Hi guys, 🎉 Congratulations to everyone on another amazing competition. For folks curious about how I rose fast in the hackathon to achieve this score within a short time. I guess it was more of reading 📚 and research 🔍 on the dataset and previous works that have been done. So I discovered that Dr Reem Suwaileh had already done a lot of research and achieved very high benchmarks 📈 which are open source on hugging face, so I read them up, and focused more on pre-processing the text (tweet) and post-processing the model outputs. I've done most of my processing techniques in a pictorial view 📷 for easy understanding.
Below are some of the top techniques:
1. Destroy mentions so you don't confuse the model ❌ - You'll probably need to read up the paper or annotation instructions pdf in the dataset to learn more about how the data was annotated.

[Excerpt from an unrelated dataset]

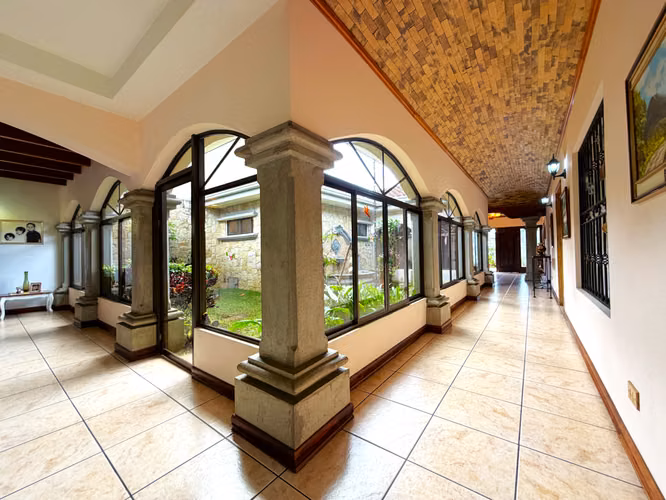 VENTA Casa Exclusiva en Curridabat en Altamonte. Un Nivel, Jardín Amplio y 4 Hab y Ubicación Premiun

2. Fix entity ✨ - The model performs token classification, so if a word is more than a single token, then the predictions are slightly broken.
3. Post-Process-Prediction 🛠️: Locations which are more than a single word are sometimes broken down depending on the model in use, but they tend to have super close end and start positions.
I did some other minor stuff but these 3 functions made the real difference. 👍and of course, the solutions in code will be available soon. Congratulations to everyone. #keep learning, #keep winning.
Amazing proff! Congratulations on hacking this one, I did not participate in this one, looked somehow tough and interesting
Yeah! Thanks, Julius, we missed you here 😀.
Amazing boss, Congratulations on winning this .I will read more on Dr Reem Suwaileh works like you mentioned .I look forward to the code,Thanks for the explanation
Thanks a lot, Debola!